Ya se lo esperaba. Ambos los sabían, pero el gemido de estupefacción se le escapó de los labios, por lo que ocultó la boca con la mano. Sus ojos no mentían. Tampoco lo hacía el lenguaje corporal de Jonathan, que esperaba más tenso que una cuerda de violín.
Quizás él lo hubiera comprado instigado por Helen Price para dar confirmación de un compromiso que no era real, pero cuando lo abrió ante ella, Jonathan no pudo negar que no solo le ofrecía un anillo para salvar las apariencias, sino como una declaración de intenciones. Ese anillo era el símbolo del amor que sentía por ella y lo declaraba al mundo, accediera ella o no.
Jamás se había sentido tan vulnerable y jamás unos minutos le habían parecido tan largos.
Leonor, por su parte, tenía que hacer un esfuerzo por no derrumbarse y dejarse llevar por la emoción. La realidad le decía que todo era parte del juego, una travesura más, pero su postura, sus palabras anteriores y la evidente calidad del anillo de compromiso la hacían sentir que para Jonathan no era un juego. No eso.
—No tenías…
—Sí tenía —lo dijo tajante, seguro, sin mentiras ni dobleces. Se lo decía a ella y a nadie más. Quería que lo entendiese.
—Jonathan… —No sabía qué le suplicaba, pero lo estaba haciendo.
—Por favor, Leonor.
En otras circunstancias, la escena hubiera resultado más distendida, pero ni uno ni el otro se tomaban eso a broma. No había habido nada tan serio en sus vidas.
Leonor se sentía impotente. Deseaba decir sí, pero ¿y si se engañaba? ¿Por qué la elegía a ella habiendo tantas otras mucho más hermosas?
—Yo…
—¿No te gusta? ¿Es eso? —preguntó a la desesperada.
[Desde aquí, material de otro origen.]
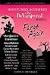 Books : Bewitched, Bothered & Bevampyred 2: Fangs Again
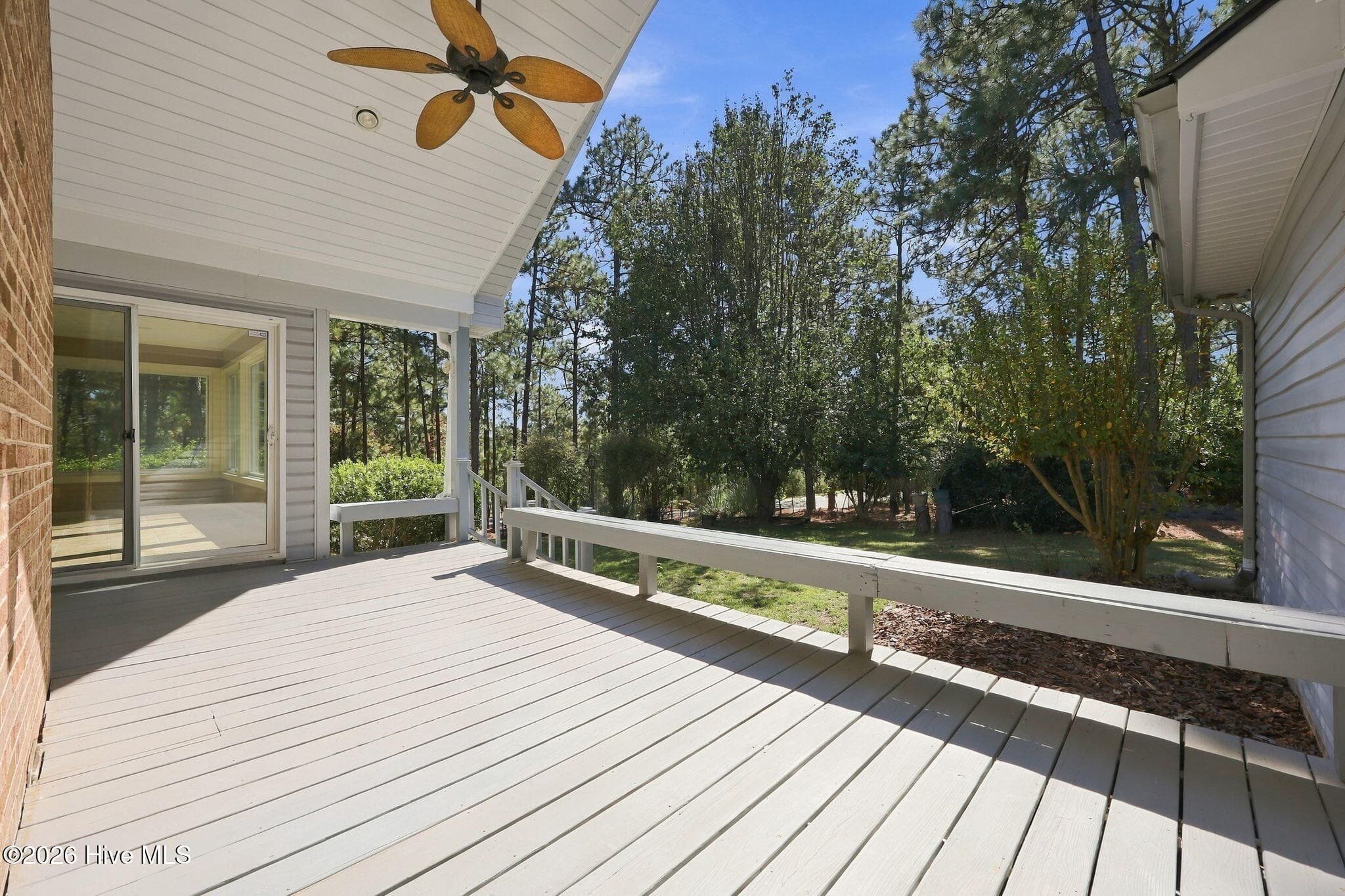Single Family Residence at 145 Lone Pine Place, Southern Pines, NC 28387, Southern Pines, photo 43 of 46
Tenía la sensación de que su presentimiento sobre su respuesta iba a estar equivocada—. Puedo comprar otro más bonito; incluso puedes elegirlo tú, si ese es tu deseo. —Hablaba deprisa, inseguro—. Me recordó a ti, ¿sabes? Los rubíes representan tu exterior, lo más representativo de ti, lo primero que los otros ven, pero los diamantes, que son más pequeños y numerosos, los envuelven, restándoles protagonismo. Eso eres para mí: llamativa por fuera, pero con una esencia que es como un verdadero diamante: brillante, puro, casi indestructible.
Atrás había quedado el petimetre seguro de sí mismo. Ahora solo quedaba un hombre declarando su admiración y su más profundo amor por una mujer.
Y después de eso, Leonor respiró hondo para dar una respuesta. Y estiró el brazo, extendiendo los dedos de la mano.
Jonathan la miró, incrédulo, incapaz de comprender que ella le aceptaba. Había pensado que diría que no, que le rechazaría. Y ahora todo su cuerpo temblaba de emoción, incapaz de detener la sensación de alivio mezclada con alegría. Quería sonreír, gritarlo a los cuatro vientos, abrazarla y bailar con ella…
—¡¿Jonathan?!
Leonor había seguido esperando con el brazo extendido mientras él soñaba estupefacto. Dio un respigo y sacó el anillo para deslizarlo con suavidad en el dedo de Leonor.
Ambos lo contemplaron. Quedaba perfecto. Él lo besó para confirmar que era el lugar en el que debía estar. A continuación, pasó a demostrarle lo «mucho» que ella le gustaba.